Es ist kein Geheimnis, dass ich einen zweiten Wohnsitz in der Eidgenossenschaft habe. Keine grosse Sache heutzutage, sollte man meinen, zumal für jemanden, der wie ich an seinem Erstwohnsitz in der Bundesrepublik Deutschland ordnungsgemäss gemeldet ist und seine Steuern zahlt; seltsam, dass gerade diejenigen, die sonst bei jeder Gelegenheit ihre vermeintliche europäische Weltläufigkeit betonen, sich just darüber immer wieder mal künstlich empören.

Oft führen mich meine Wege zur zeitlosen Pracht des Schwyzer Barockklosters Einsiedeln. Auch nach Wochen lässt mich die Erschütterung nicht los über den schändlichen Anschlag eines angeblich siebzehnjährigen afghanischen Asylbewerbers auf die Schwarze Madonna von Einsiedeln: Der Angreifer riss vor den Augen der schreckensstarren Gläubigen dem mittelalterlichen Gnadenbild die kostbaren Gewänder herunter, brach der Gottesmutter die goldene Krone vom Haupt und setzte sie sich in frechem Hohn selbst auf.

Als deutsche Politikerin bin ich äusserst zurückhaltend in der Kommentierung von Ereignissen in der Schweiz. Die scham- und skrupellose Schändung eines kulturellen und religiösen Heiligtums ist jedoch nicht allein eine schweizerische Angelegenheit. Die Bilder des vermeintlich «Schutzsuchenden», der dreist angreift, was seine Gastgeber verehren, ohne ernsthaften Widerstand befürchten zu müssen, beschreiben stärker als tausend Worte den Zustand eines Kontinents, der sich offenbar selbst aufgibt.

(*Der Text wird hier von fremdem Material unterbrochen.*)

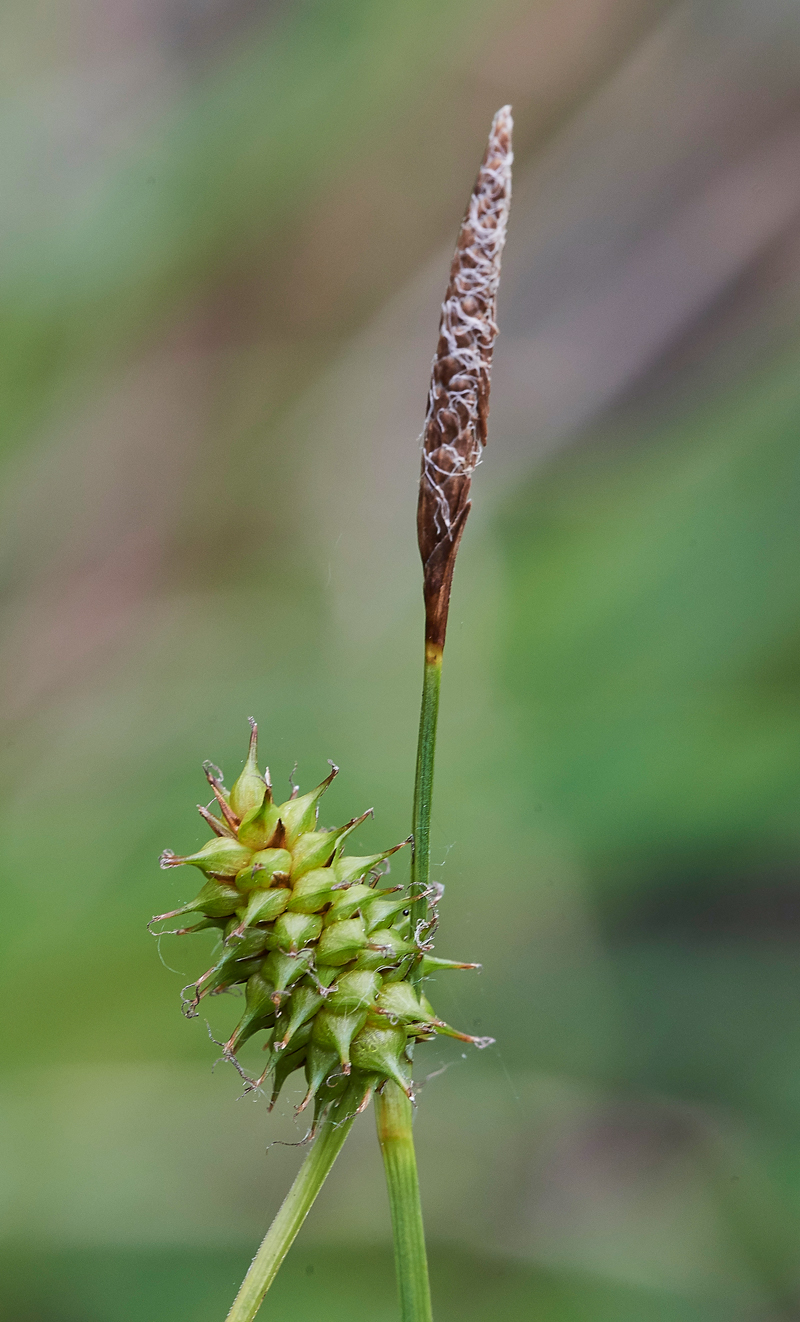 Sedge139617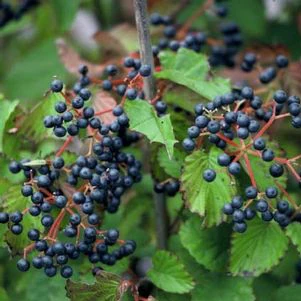 Pollinator Friendly Native Plants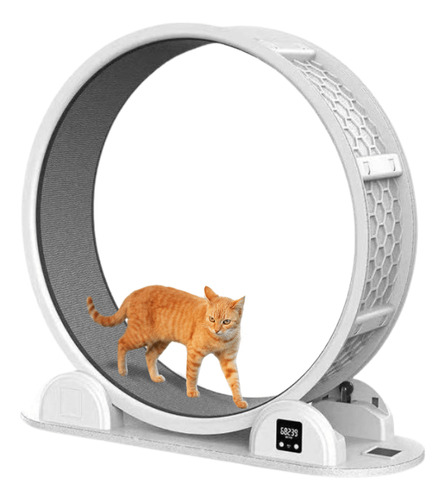 Rueda Caminadora Para Gato
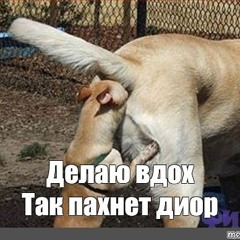 джеркделаювдохмясопорно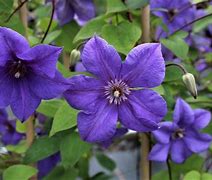 Image result for Clematis Semu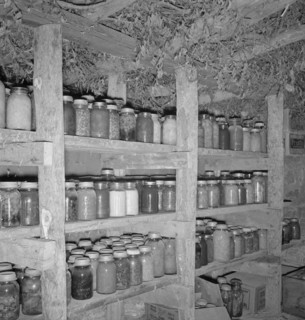 Mrs. Wardlow has 500 quarts of food in her dugout cellar. Dead Ox Flat, Malheur County, Oregon.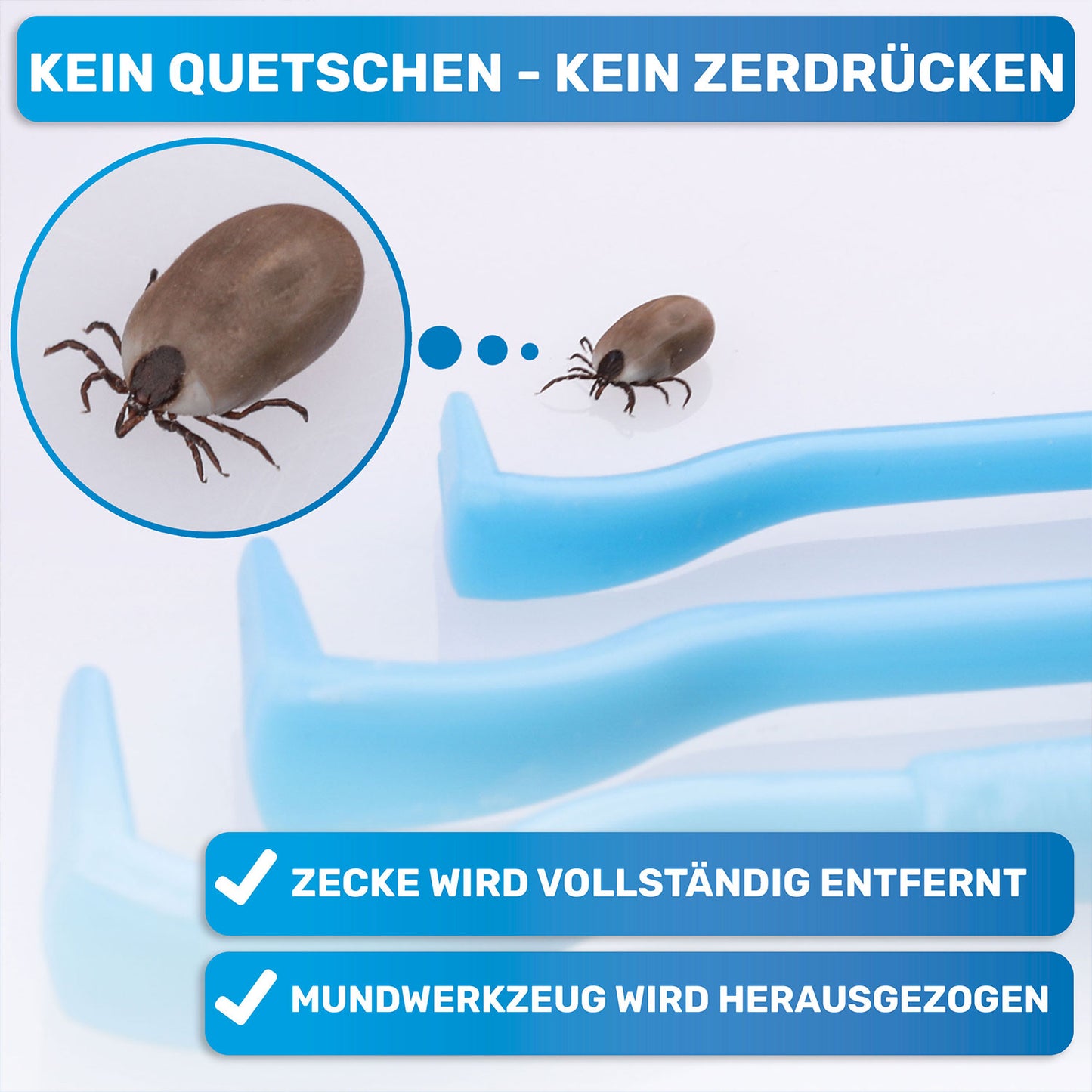 3er Set Zeckenhaken, Zeckenentferner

Die Kirchenschändung von Einsiedeln steht paradigmatisch für ein Europa, das sich der Ideologie des Kulturrelativismus und der Verachtung des Eigenen ausgeliefert hat. So konditioniert, sind allzu viele Europäer kaum noch fähig, sich der schleichenden Landnahme durch Migration aus Gesellschaften, die unsere Tradition und Lebensart verachten, zu widersetzen.

Die Kirchenschändung von Einsiedeln steht für ein Europa, das sich der Verachtung des Eigenen ausgeliefert hat.

Sie akzeptieren als neue «Normalität», sich bei Festen und Weihnachtsmärkten hinter Hochsicherheitsmassnahmen verbarrikadieren zu müssen, während ihre Politiker ihnen erzählen, die Landesgrenzen nicht schützen zu können. Eher sind sie bereit, Angriffe auf ihre Kultur zu entschuldigen und für die Angreifer zu beten, als ihnen entschlossen entgegenzutreten.

 

Einsiedeln ist kein Einzelfall. In ganz Westeuropa steigt die Zahl der von antichristlichem Hass getriebenen Verbrechen sprunghaft an, vermeldet die Beobachtungsstelle für Intoleranz gegenüber und Diskriminierung von Christen in Europa (Oidac). Angriffe und Sachbeschädigungen gegen Kirchengebäude sind auch in Deutschland an der Tagesordnung.

Frankreich verzeichnet täglich mehrere Angriffe auf christliche Kultstätten. Immer wieder brennen landauf, landab Kirchen und Kathedralen, ohne dass etablierte Politik und Medien dem schleichenden Raub des kulturellen Erbes grosse Aufmerksamkeit widmen würden.

Die Wiedereröffnung der Kathedrale Notre-Dame de Paris nur fünf Jahre nach ihrer Zerstörung durch eine Feuersbrunst war gleichwohl ein Zeichen der Zuversicht. Hauptperson war indes nicht das gastgebende französische Staatsoberhaupt, sondern der gewählte US-Präsident. Donald Trump zitierte den ukrainischen und französischen Präsidenten zum Gespräch, um klare Ansagen für ein baldiges Ende des Ukraine-Kriegs zu machen.

Bitter aus deutscher Sicht: Der deutsche Bundeskanzler war gar nicht erst nach Paris eingeladen worden, und es vermisste ihn auch niemand – sichtbar-abwesendes Zeichen für den dramatischen Bedeutungsverlust Deutschlands nach zwei Jahrzehnten Merkel und Ampel.

 

Der US-Präsident will das hunderttausendfache Sterben beenden und stoppt neue Waffenlieferungen an Kiew; in Deutschland wetteifert eine schwarz-grüne Koalition der Kriegstreiber um Forderungen nach weiterer Eskalation.

Und während Kanzler und Aussenministerin Plattitüden über die «Befreiung» Syriens dreschen, feiern Zehntausende Syrer auf deutschen Strassen die Machtergreifung der Dschihadisten. Werden sie zurückkehren, wird die Bundesregierung sie nach Wegfall des Fluchtgrunds nach Hause schicken und Vorkehrungen gegen einen neuen Asylansturm treffen?

Aber nein, die seit 2015 ins Land Gelassenen werden ja gerade am Fliessband eingebürgert. So viele Fehlsteuerungen, so viele Versäumnisse – selbst die vorgezogene Neuwahl kommt im Grunde viel zu spät.

 

Alice Weidel ist Co-Vorsitzende und Kanzlerkandidatin der Partei Alternative für Deutschland.